Лидеры сомнений. Как работала культура отмены в русской литературе 19-20 веков - «Мнения»
Илья Клишин
журналист, медиаконсультант
На фоне яростных обсуждений визабана немного затерялась другая дискуссия, занимавшая умы отечественной интеллигенции весной и в первой половине лета — об «отмене русской культуры». Одни говорили, что теперь не время для Пушкина и Чайковского, вторые — что подобная отмена не допустима, третьи и вовсе указывали на то, что сама эта дискуссия неуместна, так как уводит фокус внимания от войны.
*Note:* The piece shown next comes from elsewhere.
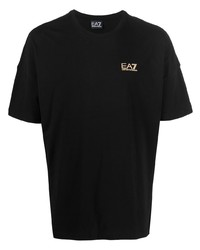 Мужская черная футболка с круглым вырезом с принтом от Ea7 Emporio Armani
Но интересно тут вот еще что — вся эта дискуссия велась в смысловых рамках cancel culture.
Культуру отмены многие воспринимают как новомодное западное веяние и что-то неорганичное, а применительно к русской культуре — как бездумное копирование или даже калькирование на грани карго-культа. Но это не так: в действительности культура отмены как явление лежит в сердцевине самой русской культуры — по меньшей мере, классической литературы.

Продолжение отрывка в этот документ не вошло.